## Task objective
Nothing but the text should be carried over: reproduce all the data exactly and leave out every image.

==== Available data

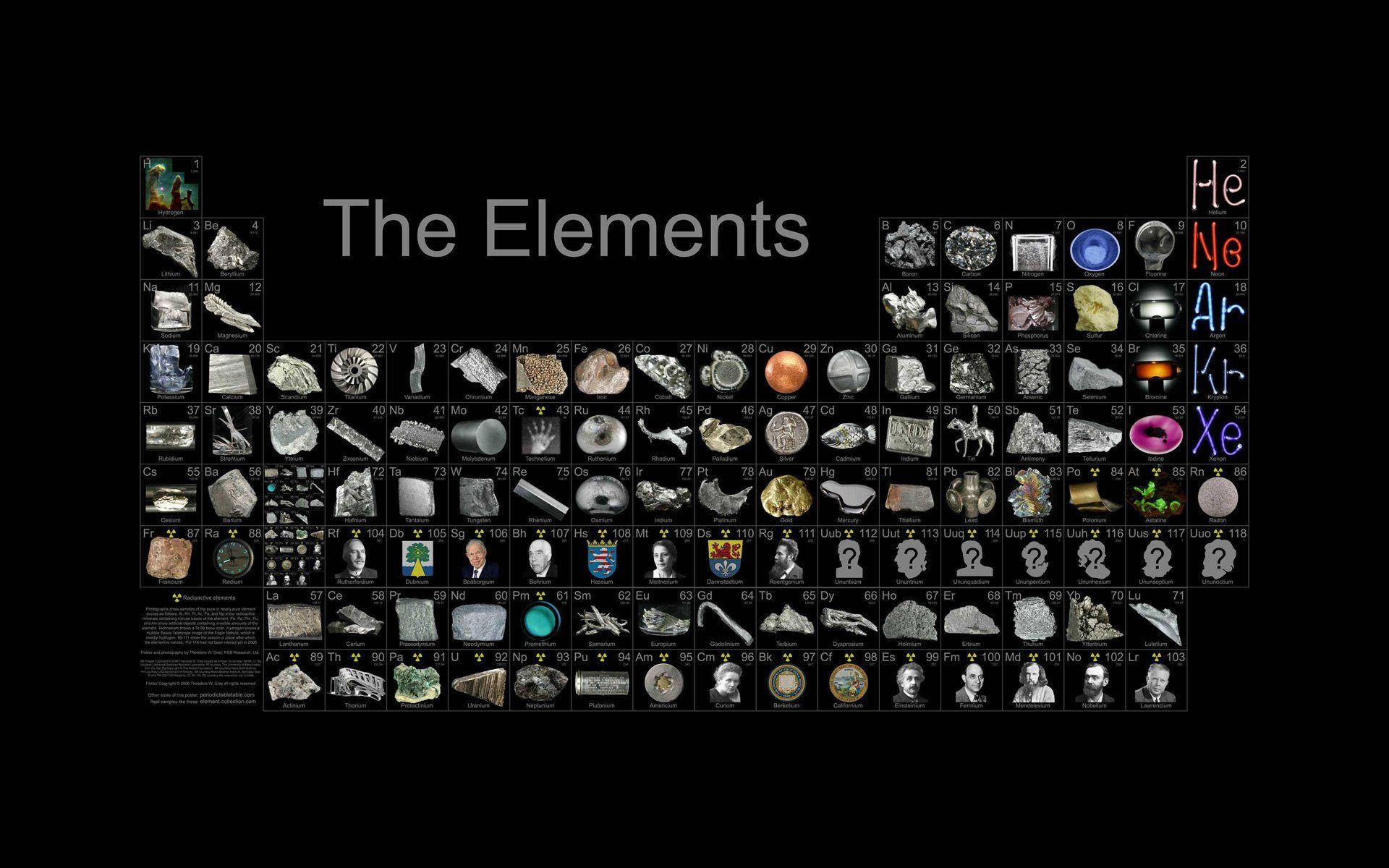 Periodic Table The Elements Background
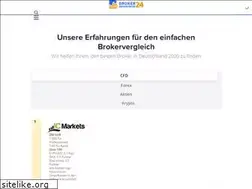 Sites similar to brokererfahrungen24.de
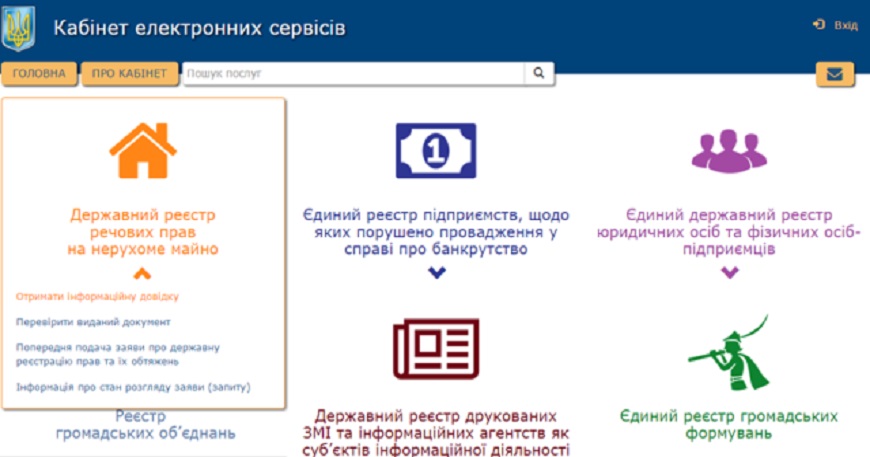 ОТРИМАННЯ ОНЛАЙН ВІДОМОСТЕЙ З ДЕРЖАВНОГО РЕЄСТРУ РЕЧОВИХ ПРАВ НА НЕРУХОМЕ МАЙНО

========

## Exercise answer
 Periodic Table The Elements Background
 Sites similar to brokererfahrungen24.de
 ОТРИМАННЯ ОНЛАЙН ВІДОМОСТЕЙ З ДЕРЖАВНОГО РЕЄСТРУ РЕЧОВИХ ПРАВ НА НЕРУХОМЕ МАЙНО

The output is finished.